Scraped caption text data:
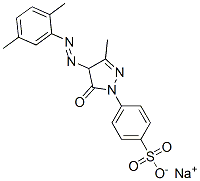 sodium 4-[4-[(2,5-dimethylphenyl)azo]-4,5-dihydro-3-methyl-5-oxo-1H-pyrazol-1-yl]benzenesulphonate CAS#: 97635-29-5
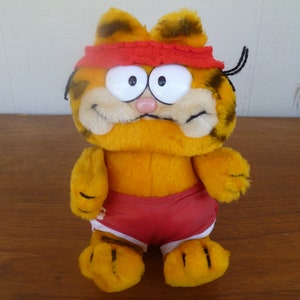 Peluche « Jogger Exerciser » du film Garfield Movie, 20 cm (8 po.) de haut, 1981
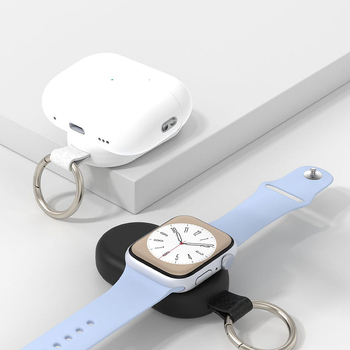 Φορητή μπαταρία για Apple Watch Series 1–11/SE/Ultra και AirPods Pro 2 με USB-C PD, μπαταρία πολυμερούς, μαγνητική φόρτιση, είσοδος 9V, ισχύς 3W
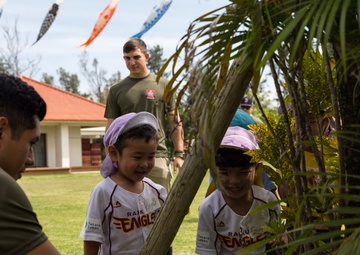 Camp Hansen Marines Volunteer for a friendship exchange and community clean up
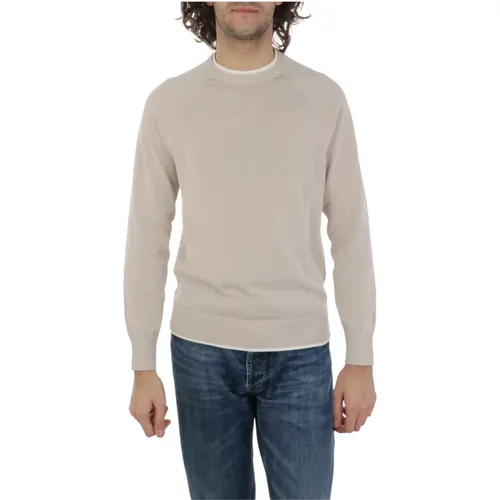 Cotton Crew Neck Sweater , male, Sizes: S - Eleventy - Modalova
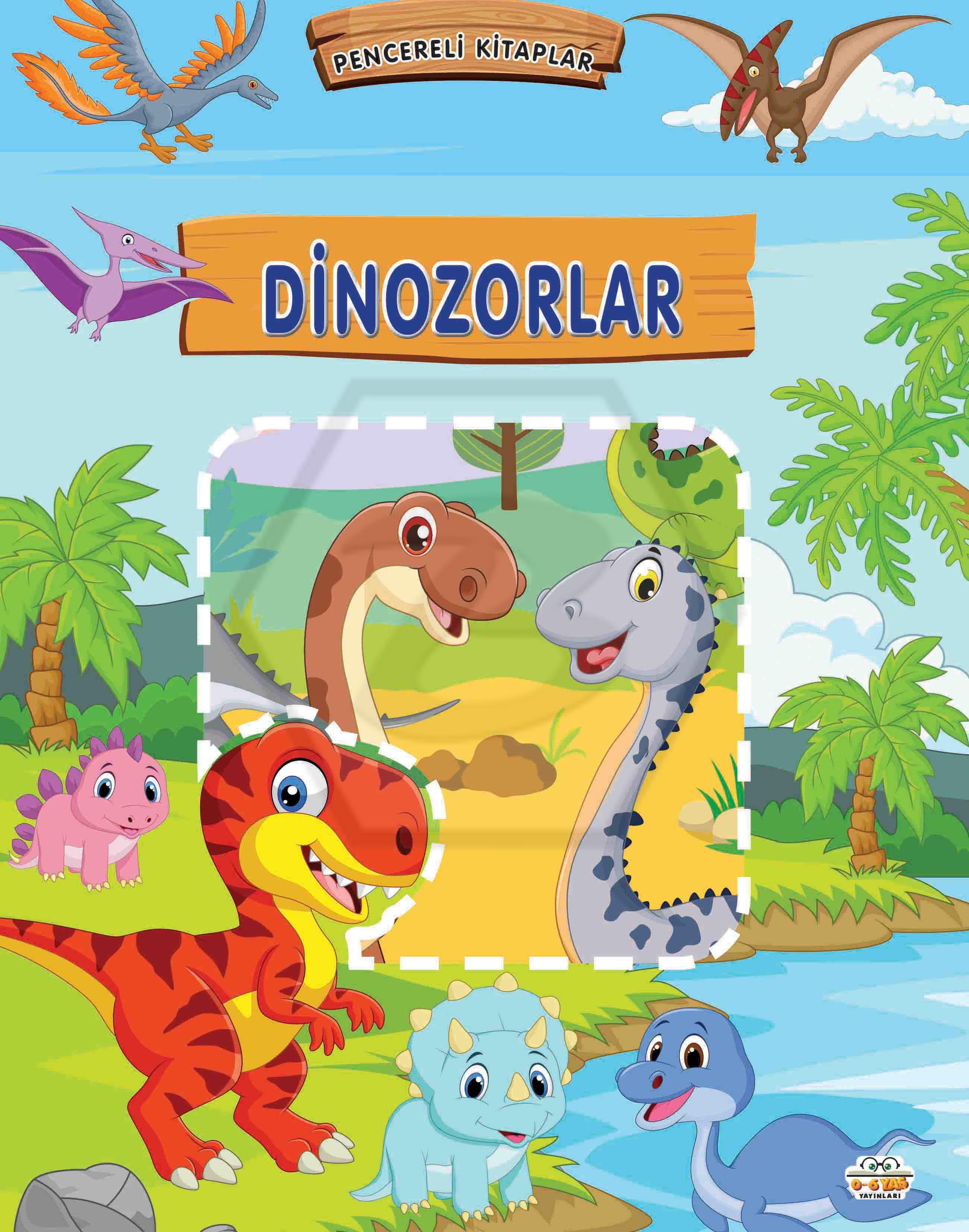 Pencereli Kitaplar Dinozorlar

#### EXERCISE GOAL
Drop the images and quote the entries word for word.

#### SOLUTION FOR THIS EXERCISE
 sodium 4-[4-[(2,5-dimethylphenyl)azo]-4,5-dihydro-3-methyl-5-oxo-1H-pyrazol-1-yl]benzenesulphonate CAS#: 97635-29-5
 Peluche « Jogger Exerciser » du film Garfield Movie, 20 cm (8 po.) de haut, 1981
 Φορητή μπαταρία για Apple Watch Series 1–11/SE/Ultra και AirPods Pro 2 με USB-C PD, μπαταρία πολυμερούς, μαγνητική φόρτιση, είσοδος 9V, ισχύς 3W
 Camp Hansen Marines Volunteer for a friendship exchange and community clean up
 Cotton Crew Neck Sweater , male, Sizes: S - Eleventy - Modalova
 Pencereli Kitaplar Dinozorlar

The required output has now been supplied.